Avustralya Başbakanı Malcolm Turnbull, yaptığı bir açıklama ile bunlardan biri olduğunu ortaya koymuş. Turnbull, kendi partisine mensup bir vekille birlikte başka bir parti başkanının da İslâm ve Müslümanlar aleyhindeki sözlerine cesaretle itiraz etmiş ve sanki bir Müslüman idareci gibi onları savunmuş.
Haberlere göre Başbakan Turnbull, kendi partisinden milletvekili George Christensen ile One Nation Party lideri Senatör Pauline Hanson’un Müslümanlar hakkında suçlayıcı açıklamalarını ‘‘zarar verici’’ olarak tanımlamış ve bütün Müslümanları öcü gibi göstermenin aşırılık yanlısı olan grupların eline fırsat verdiklerini belirtmiş.

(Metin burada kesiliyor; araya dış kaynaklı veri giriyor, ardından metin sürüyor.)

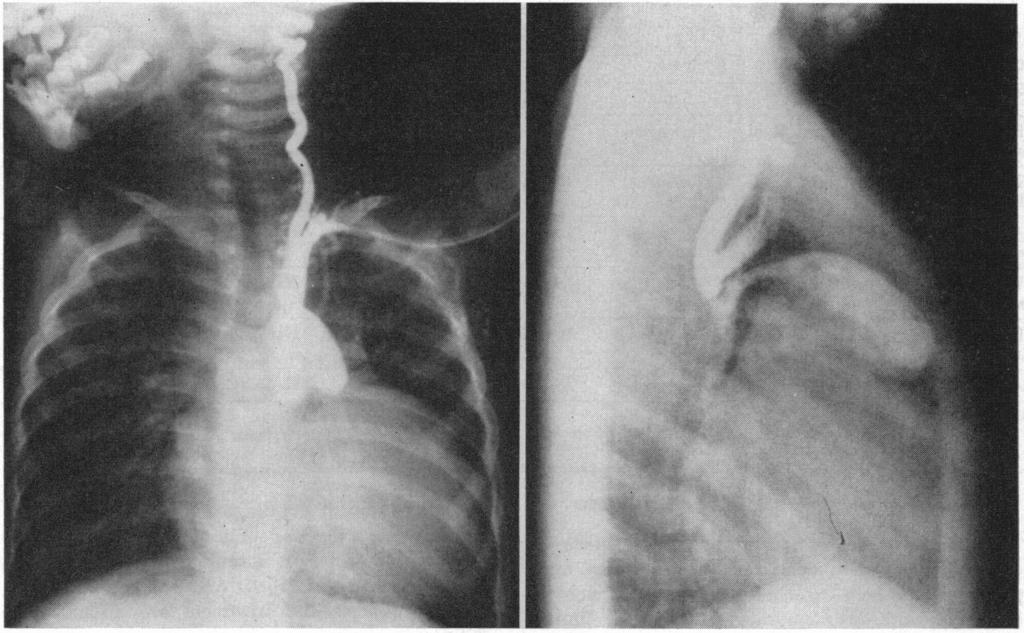 valves. three episodes of cardiac failure treated by hospitalization and digitalization. There was a history of frequent upper respiratory tract infection.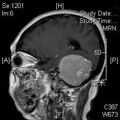 MRI дооперационный (30)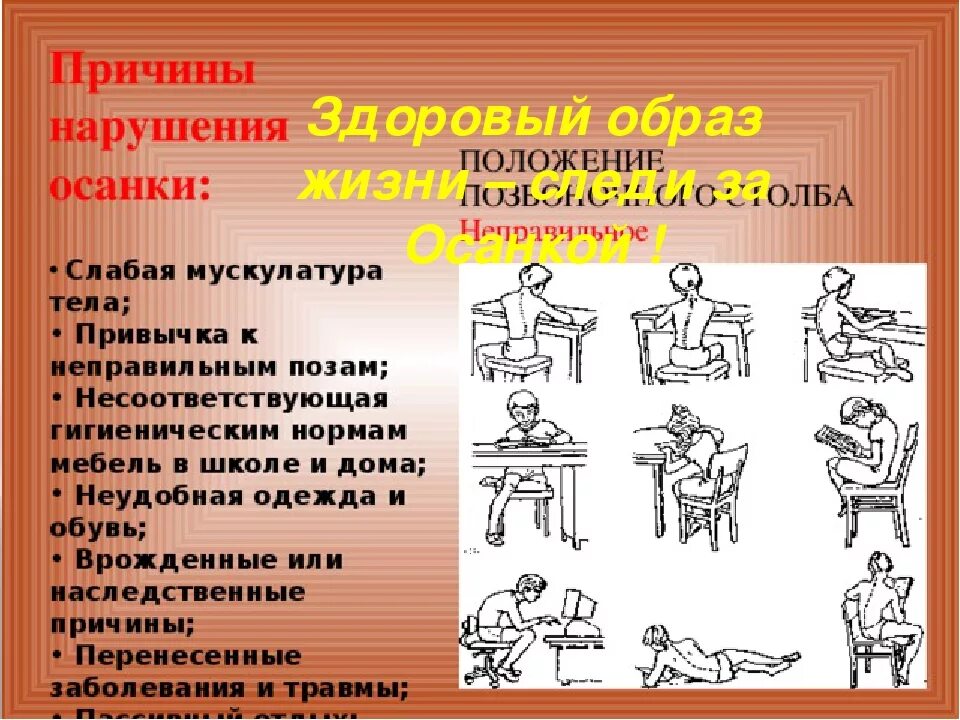 Нарушения часто приводят к. Причины нарушения осанки. Причины нарушенной осанки. Причины формирования нарушений осанки. Факторы приводящие к нарушению осанки.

Bütün Müslümanların birkaç kişinin yaptığı suçlarla etiketlenmesinin yanlış ve zarar verici olduğunu belirten Başbakan Turnbull, “Bütün Müslümanları öcü gibi göstermeye veya uzaklaştırmaya çalışmak ve onların Avustralya’nın bir parçası olmadıklarını ya da olmamaları gerektiğini söylemek aşırılık yanlısı grupların Müslüman toplumuna karşı söylediklerinin aynısıdır (...) Avustralya dünyanın en başarılı çok kültürlü toplumudur ve Avustralyalı Müslümanlarda bu başarılı çok kültürlü toplumunun bir parçasıdır” demiş. (www.yeniasya.com.tr, 16 Eylül 2016)

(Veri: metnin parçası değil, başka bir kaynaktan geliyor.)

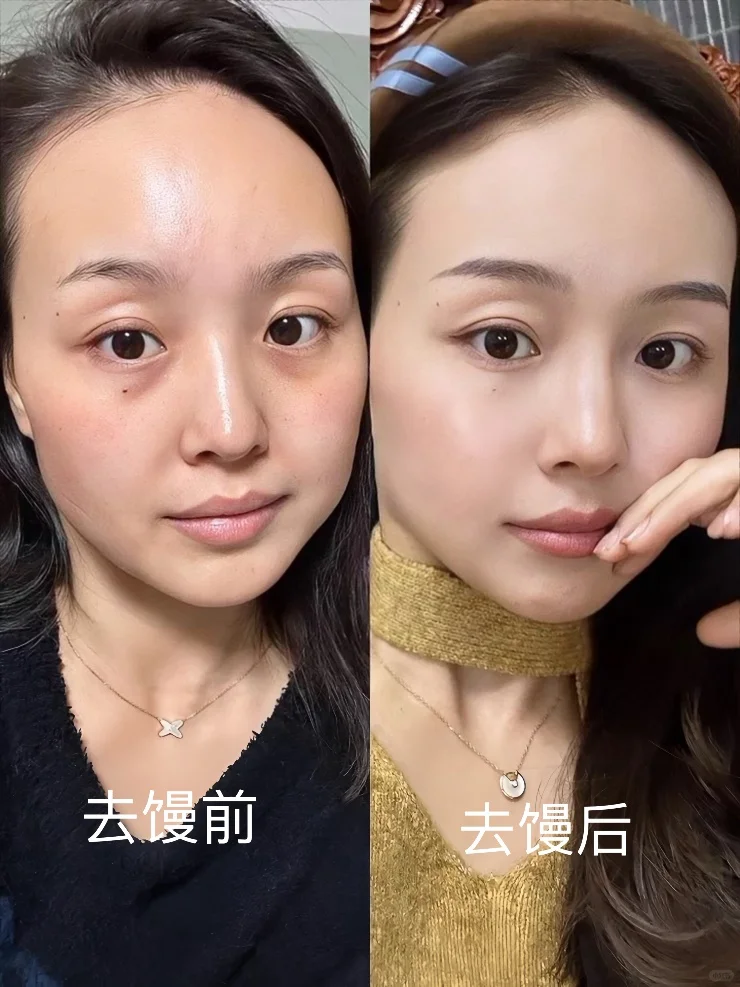 勇敢的人先享受美丽！ 砸3个值了吗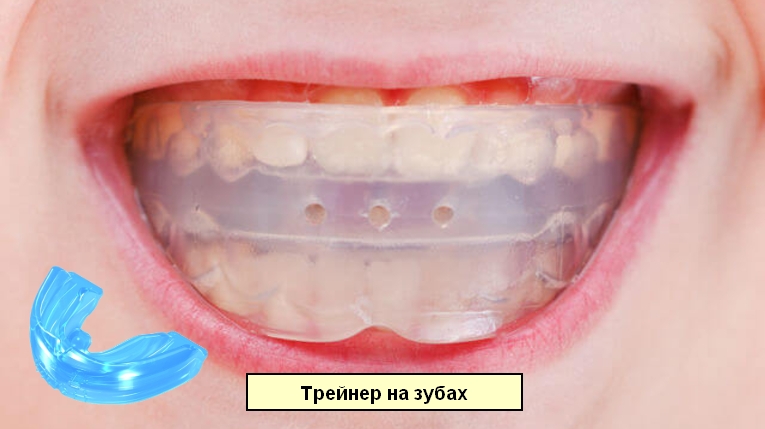 Изображение трейнера отдельно и он же на зубах пациентки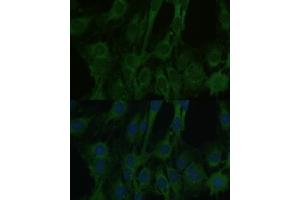 Immunofluorescence analysis of C6 cells using F antibody (ABIN6129530, ABIN6140428, ABIN6140430 and ABIN6215290) at dilution of 1:100.
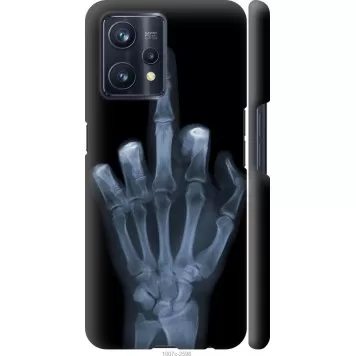 Чехол на Realme 9 Pro Plus Рука через рентген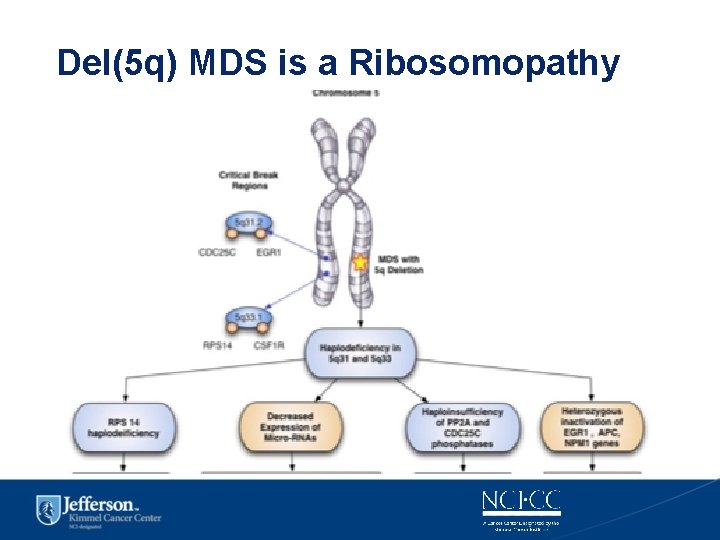 Del(5 q) MDS is a Ribosomopathy 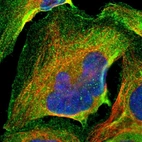Immunofluorescent staining of human cell line U-2 OS shows localization to plasma membrane & cytosol.
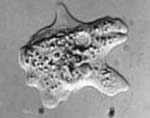 Acanthamoeba_sp_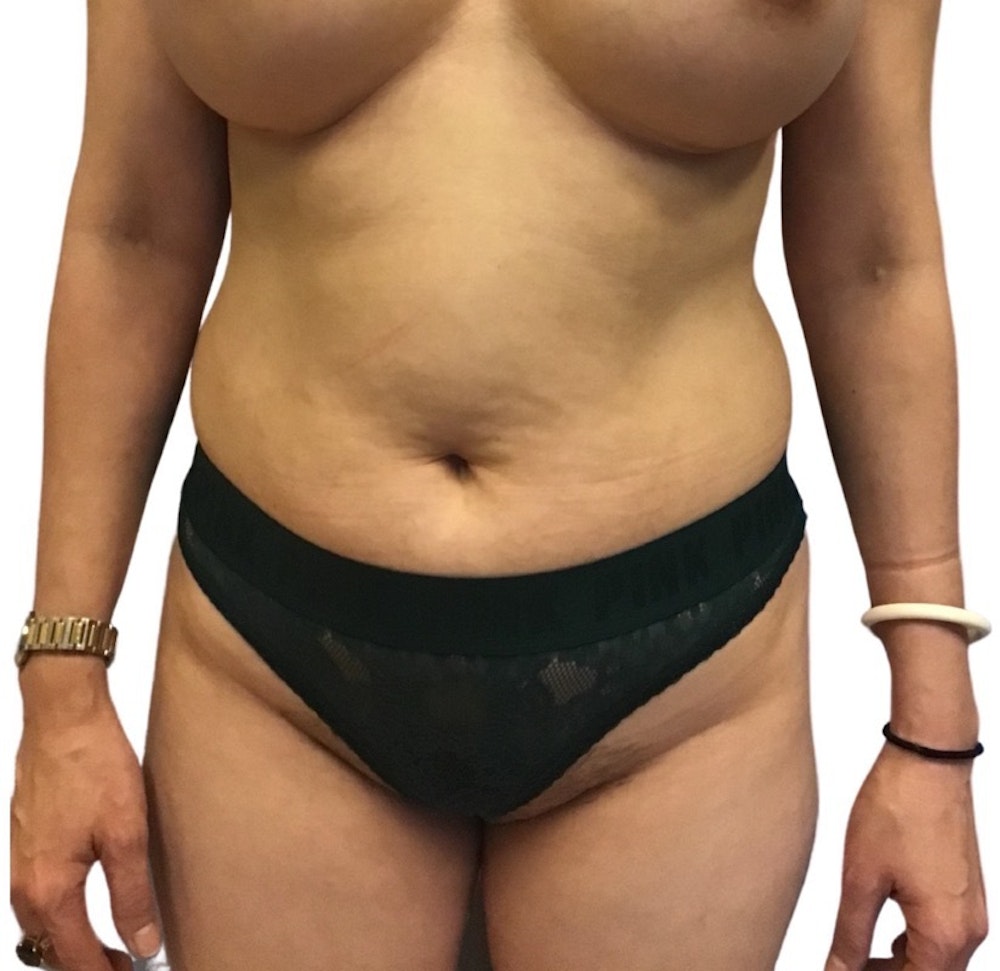 Abdominoplasty Before & After Gallery - Patient 13948280 - Image 1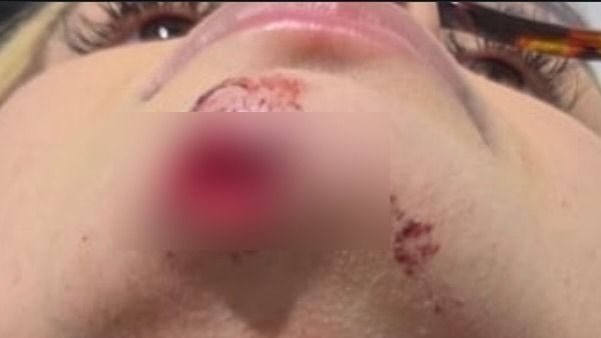 Justiça nega prisão de suspeito de agredir e arrastar influenciadora com carro em Maceió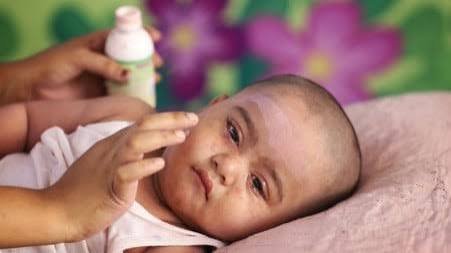 Measles-Like symptoms claim seven more lives in Bangladesh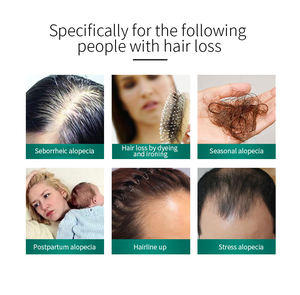 Champú para el Crecimiento del Cabello de Marca Privada Personalizado para la Pérdida de Cabello <span class=keywords><strong>y</strong></span> el Recrecimiento del Cabello, Control de Grasa e Hidratación - Product Image 3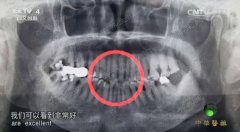20170611中华医药视频和笔记:张海钟,牙齿缺失,叩齿,义齿,刷牙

Nihayetinde gayr-ı Müslim olan bir idarecinin Müslümanları savunması dikkat çekici değil mi? Avustralya Başbakanı muhtemelen İslâm’ı doğru temsil eden Müslümanlarla tanışmış ve bu kanaate varmış. Bu noktada “Doğru İslâmiyet ve İslâm’a lâyık doğruluğu temsil etme”nin önemi bir defa daha ortaya çıkmış oluyor. Ve yine, dünyanın her ülkesinde ‘iyi’ler ve ‘kötü’ler olduğunu da görmüş oluyoruz. Avustralya Başbakanının sözlerini duymayıp, sırf İslâm ve Müslümanlar aleyhinde sarf edilen kem sözler duymuş olsa ve ona göre hüküm bina edilmiş olsa yanlış olmaz mıydı? Bu beyanlar bir yönüyle de iyi ve kötü mücadelesinin kıyamete kadar devam edeceğini de gösterir.
Müslümanlara düşen en birinci görev, barış dini olan İslâm’ı doğru temsil edebilmektir. Belki de konuşmaya bile ihtiyaç yok. Fiillerimiz, işlerimiz, davranışlarımız İslâm’a uygun olsun, İslâm’ı anlatsın yeter. Bunu başarabilirsek Müslüman olmayan idareciler bile İslâm’ı ve Müslümanları savunur. Avustralya örneğinde olduğu gibi.
Temennimiz ve duâmız; iyi, güzel ve müsbet haberlerin çoğalarak devam etmesidir.